According to the latest data from Frontex, the EU’s border agency, irregular migration into the EU fell by 21% in the first eight months of this year compared to the year before, and 52% from the same period in 2023.
According to a late September investigation in The Economist, the decline was caused by increased border surveillance and a patchwork of agreements between the EU and nations like Egypt and Tunisia that gave investments and help in exchange for reducing migration.
These accords, nevertheless, have also come under fire for deporting refugees before they have even entered the EU.
“Guaranteeing the provision of full humanitarian assistance to the Gaza Strip, with a central role for the UN and its agencies, including UNRWA, constitutes a core EU and Egyptian priority,” it stated.

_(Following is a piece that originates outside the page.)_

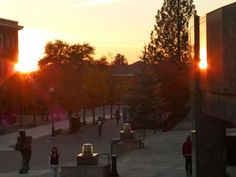 the sun is setting over some buildings and people are walking on the sidewalk in front of them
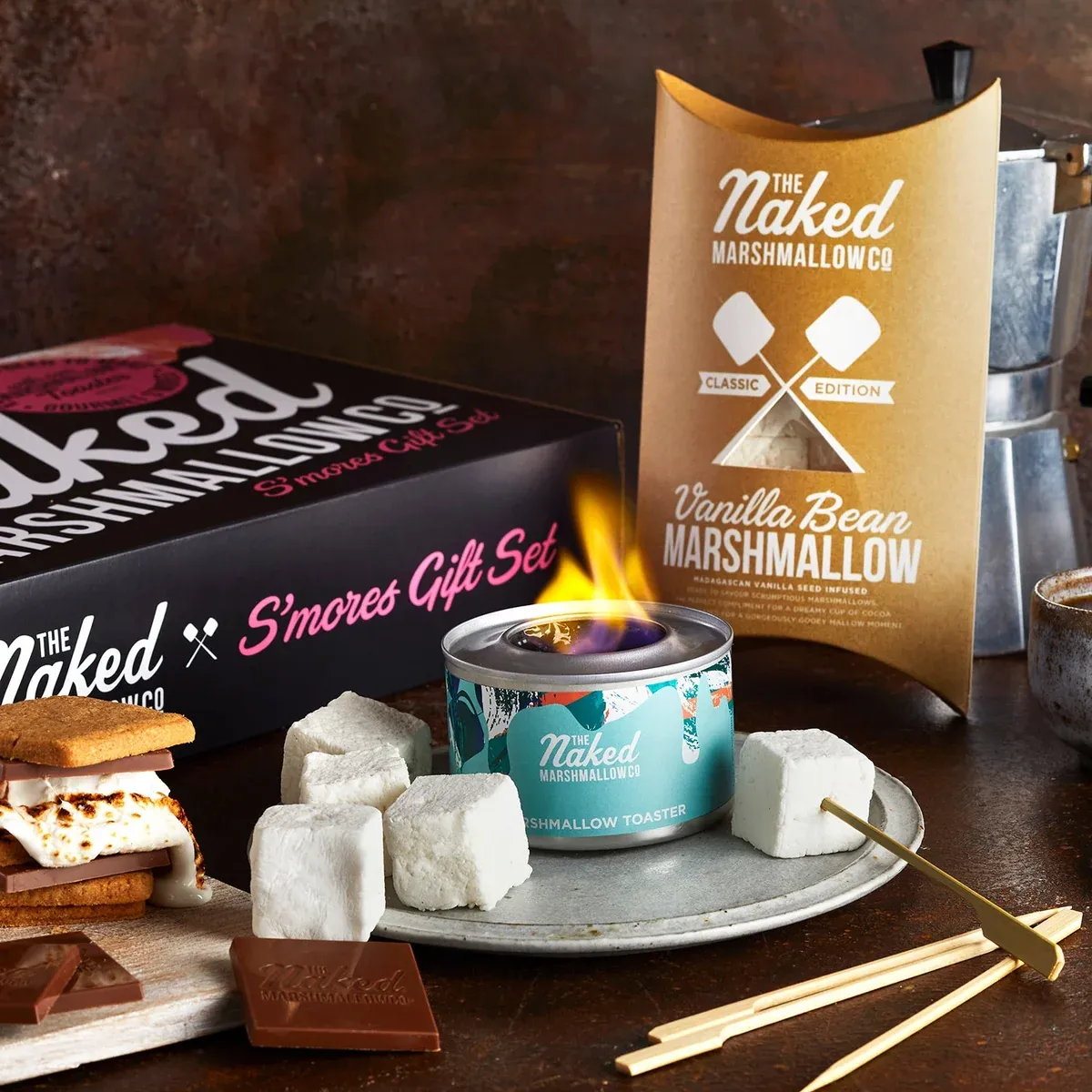 The Naked Marshmallow Co products styled on a dark wooden table: a black S'mores Gift Set box, a gold Vanilla Bean Marshmallow pillow pack, a lit teal marshmallow toaster surrounded by white marshmallow cubes, and a s'more with melting chocolate.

Following the discussions, Ursula von der Leyen, president of the European Commission, stated that the EU was confident it could “count on Egypt’s active support” for its proposed Palestine Donor Group, which would help finance reforms and support forthePalestiniangovernment.
According to Paul Taylor, a senior visiting fellow at the European Policy Centre, Arab nations like Egypt are currently in the way of the EU’s goal to maintain the UN’s position and remain politically significant in the Israel-Palestine dispute.

Taylor said, “The EU aspires to help on the political front as well,” in addition to aid. “The collaboration with Arab leaders like President Sissi is crucial to that.”
If the Europeans are to have some influence, they need to work together with the Arab states,” he stated.
Europeans and Arab nations may protect Palestinian interests in the area and have a role in “who sits where and who does what [in Gaza] and about the sequence of reconstruction and disarmament [of Hamas].”
According to Taylor, von der Leyen probably brought up the Europeans’ desire for a seat on the new international transitional organisation known as the “Board of Peace” overseen by the US president during the meeting with el-Sissi.